I have been assigned to build a Drupal 8 "CMS" system. After working for sometime with mild success there is a possibility to use another framework to build a more flexible and robust platform.
The scope of the project is not defined which is part of the problem, but I digress. (Basically, I working with people who don't have clue as to what they want) I think it's time to move away from Drupal and build a custom CMS. As the project will have a variety of non Drupal feature in the months to come. Now what I need is some facts to back this up. Wappalyzer used to provide charts of usage of certain frameworks.
I was wondering if there any site or articles out there I could use to prove to a non-technical person, why we should move away from Drupal.
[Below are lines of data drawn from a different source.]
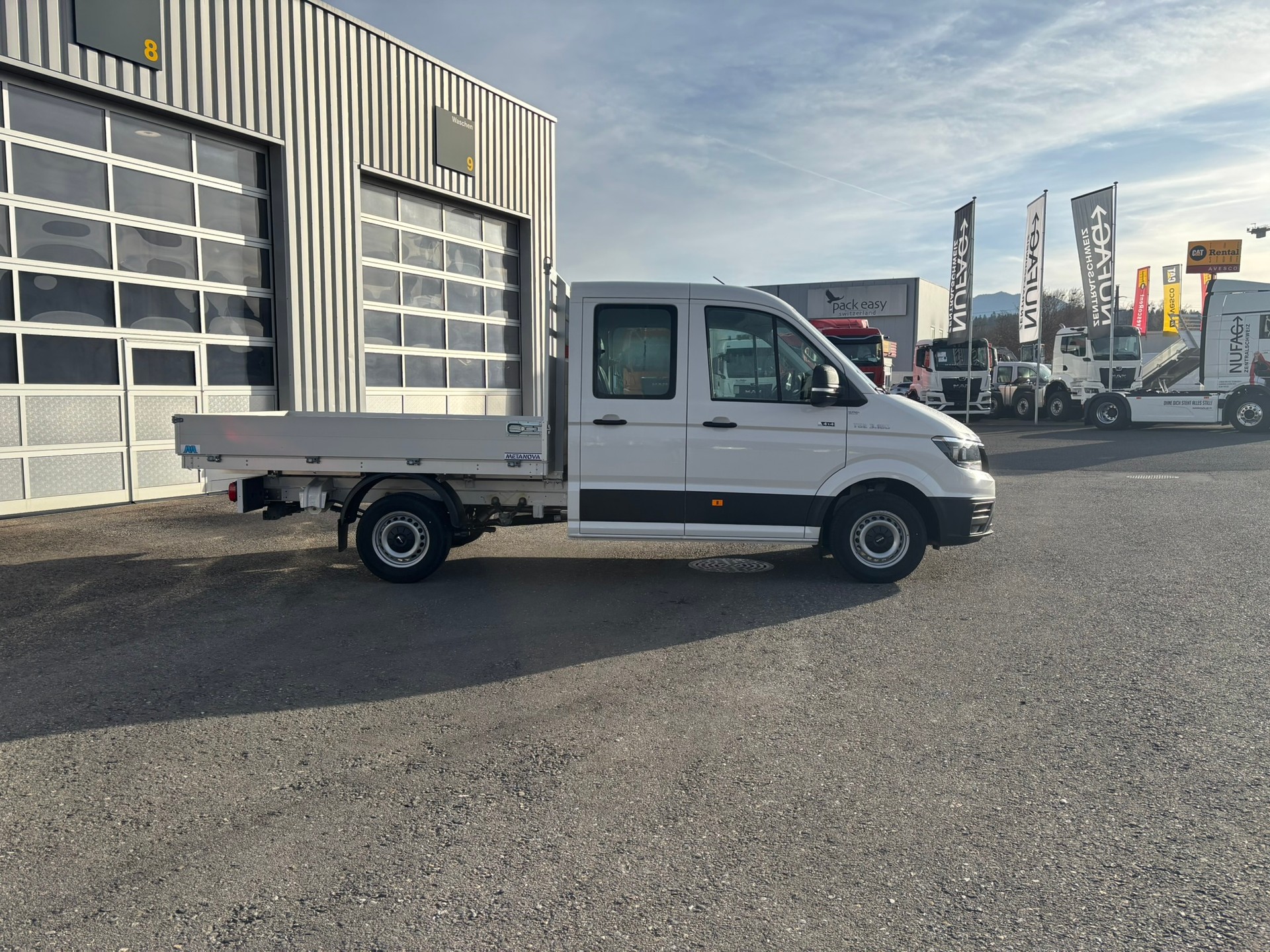 MAN TGE 3.180 4x4 Standard A - 4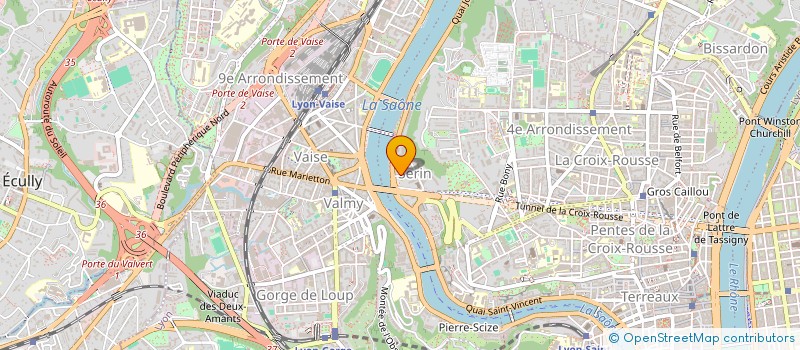 localisation de l'entreprise MONSIEUR CLAUDE PASCAL  LYON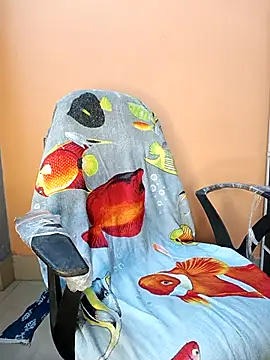 Snapshot of IND9876 chatting on October 7, 2:20 am IND9876 online show from October 7, 2:20 am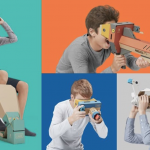 Nintendo Switch is Finally Getting VR-Style Headset – Made Out of Cardboard Nintendo Switch VR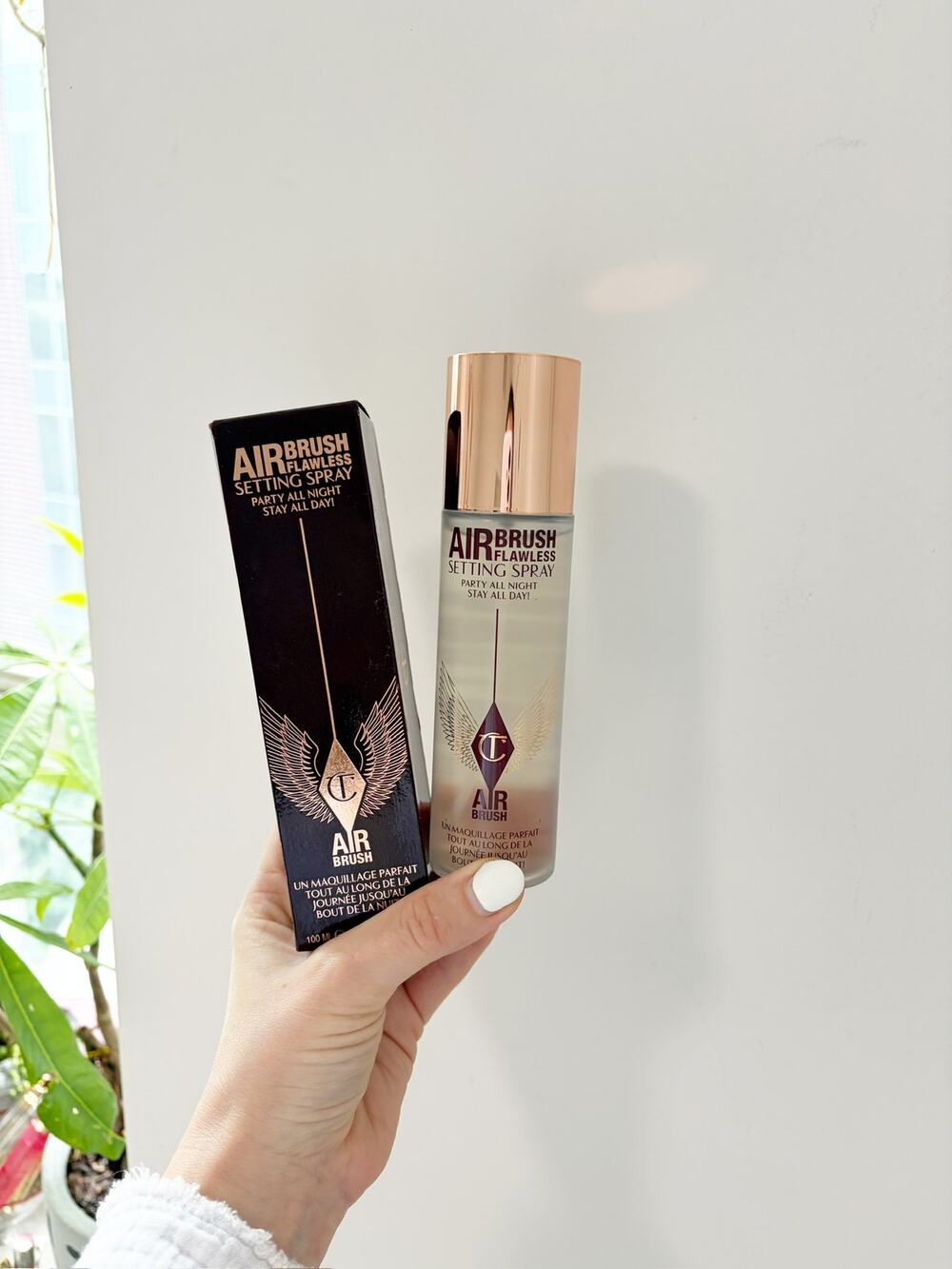NEW Charlotte Tilbury Airbrush Flawless Setting Spray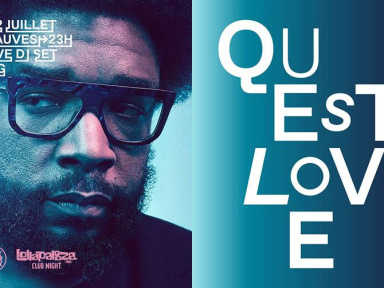 Free Your Funk au Club Nuits Fauves : Questlove (The Roots) is back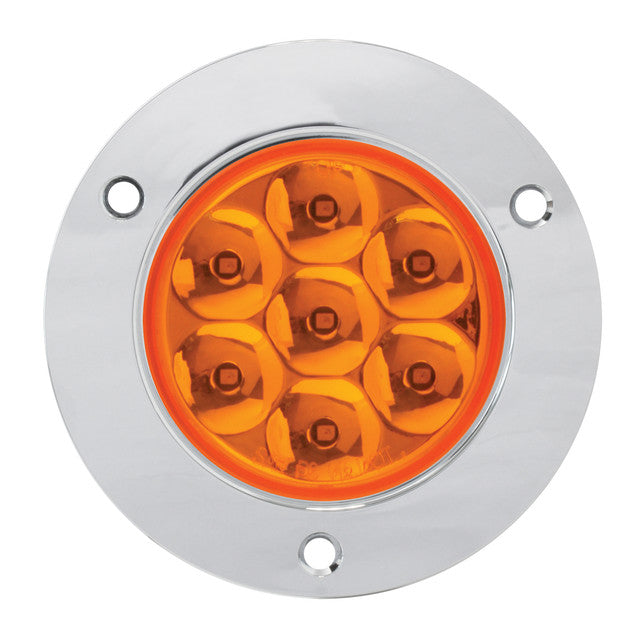 76560 Pearl Series 2" LED Light, Amber Light Gray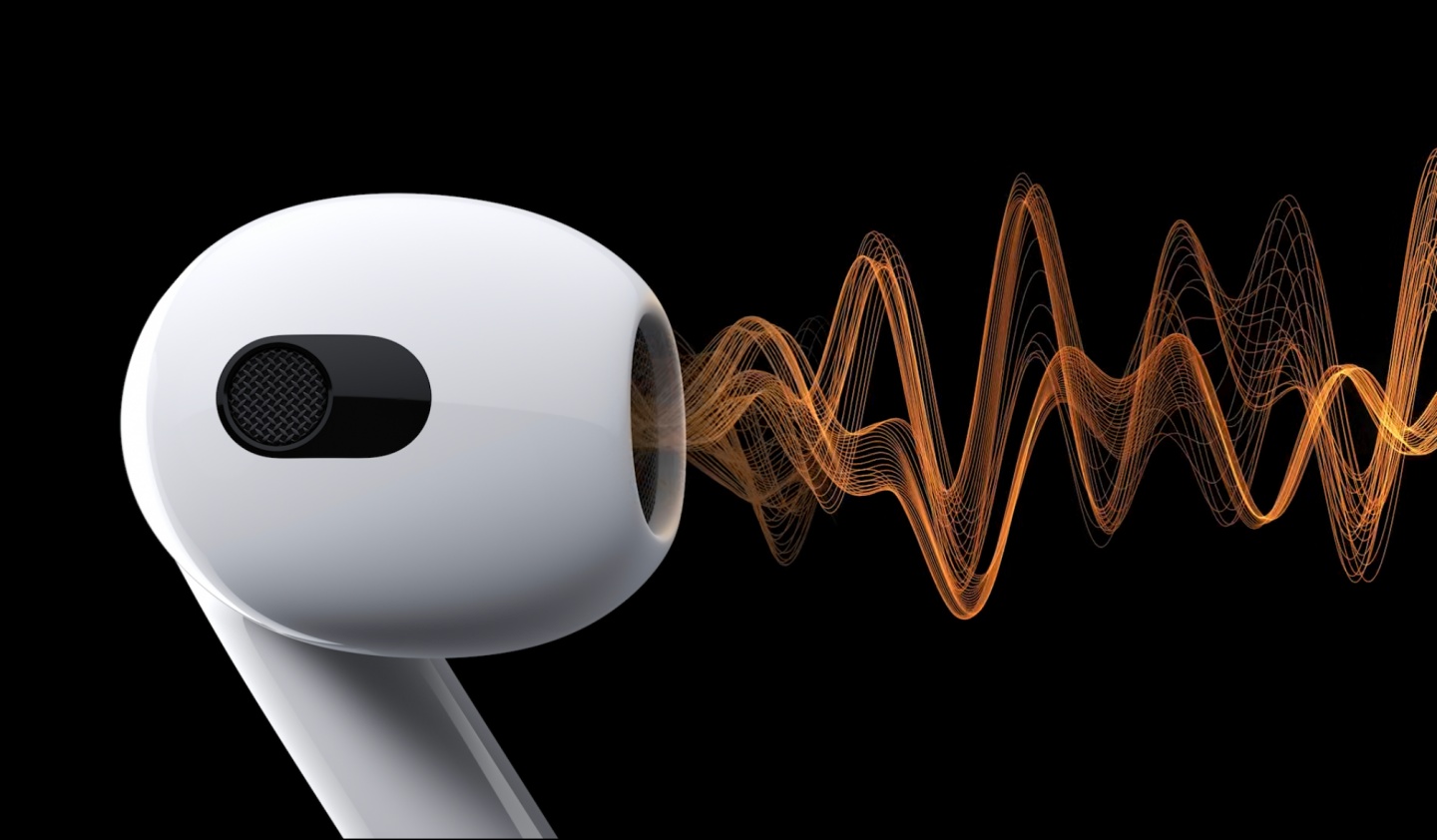第三代 AirPods 登场！采用全新设计，具备‘ 空间音讯 ’、更好的电力续航，音讯体验也升级了！ 数码科技 图6张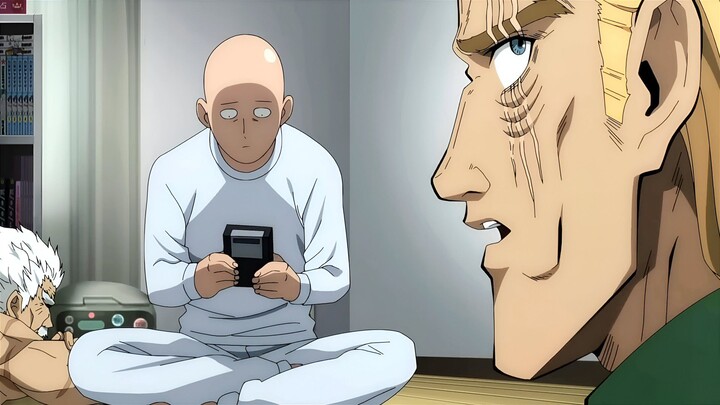 One Punch Man Season 3 Episode 1 Indonesia_Berkumpul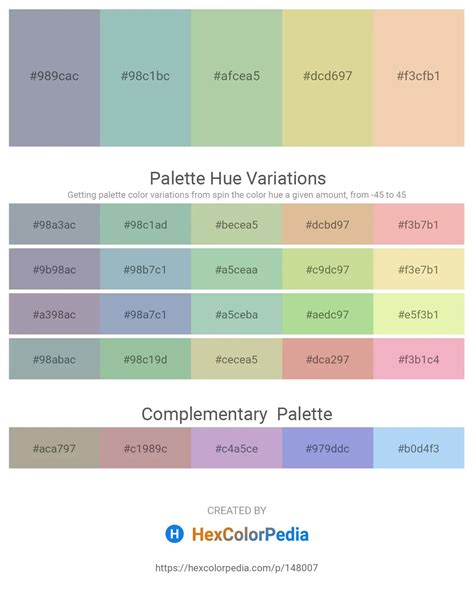 Rainbow - Hex Color Conversion - Color Schemes - Color Shades - Pantone color | Hexcolorpedia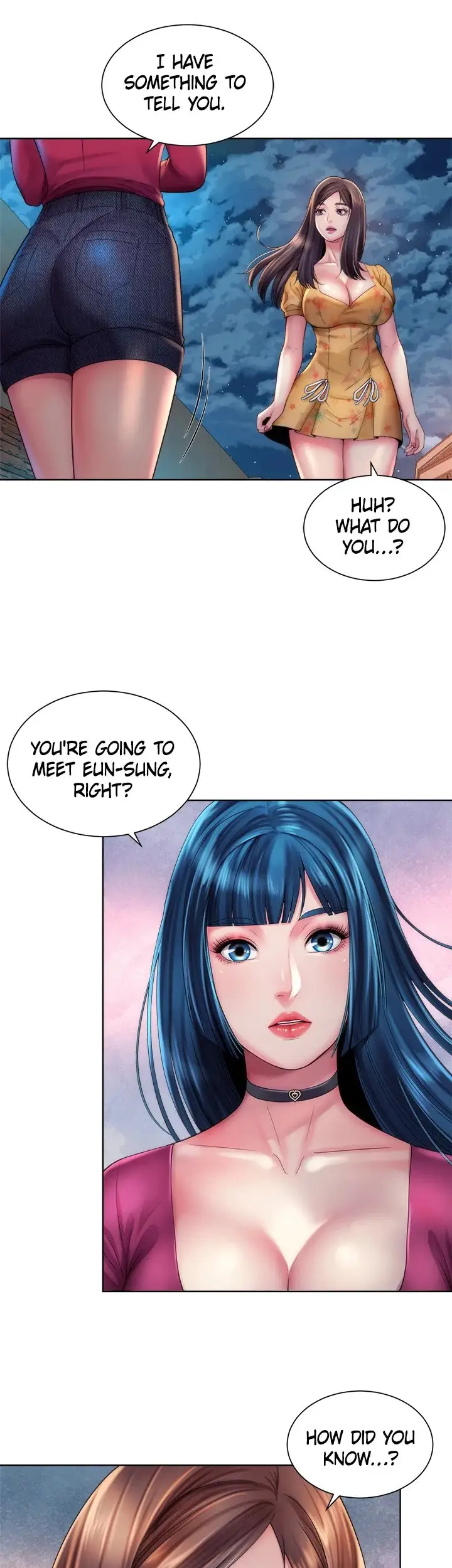Beach Goddess chapter 30, page 10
Website usage, security concerns, or hiring trends, etc.
Although I don't mind Wordpress, it has such a bad security reputation, the sysadmin won't consider it.
I would like to use Laravel or Codeigniter but need some evidence as to back it up.
Drupal is a fine off the shelf CMS that is very extensible. I'd argue it has framework like features, but with the goal to extend CMS capabilities.
I don't know enough about your use case to suggestion one over the other.
If you're in the position of choosing between Drupal, Laravel, etc. you are probably in the position to evaluate other solutions not based on PHP.
If you just need a CMS, there are tons of open-source CMS already built that you can use commercially for free. Why spend time/money building a new one?
At this point, Laravel is so widespread in the PHP world, you might as well just use it. They have a smaller version (Lumen, I think?) that is probably faster to learn and much lighter-weight.
The good news is time and money is not an variable in the equation. (meaning I'm not working in the real world...)
If I do understand that correctly, if I were you, I would spend some serious time learning about why they picked Drupal in the first place. If you run into brick walls, keep on knocking on doors until someone eventually lets you in.
I have been involved in many projects, but I have never seen one with very loose requirements end well.
I'm probably wrong and it's just my opinion, but Laravel feels like it's a one man show.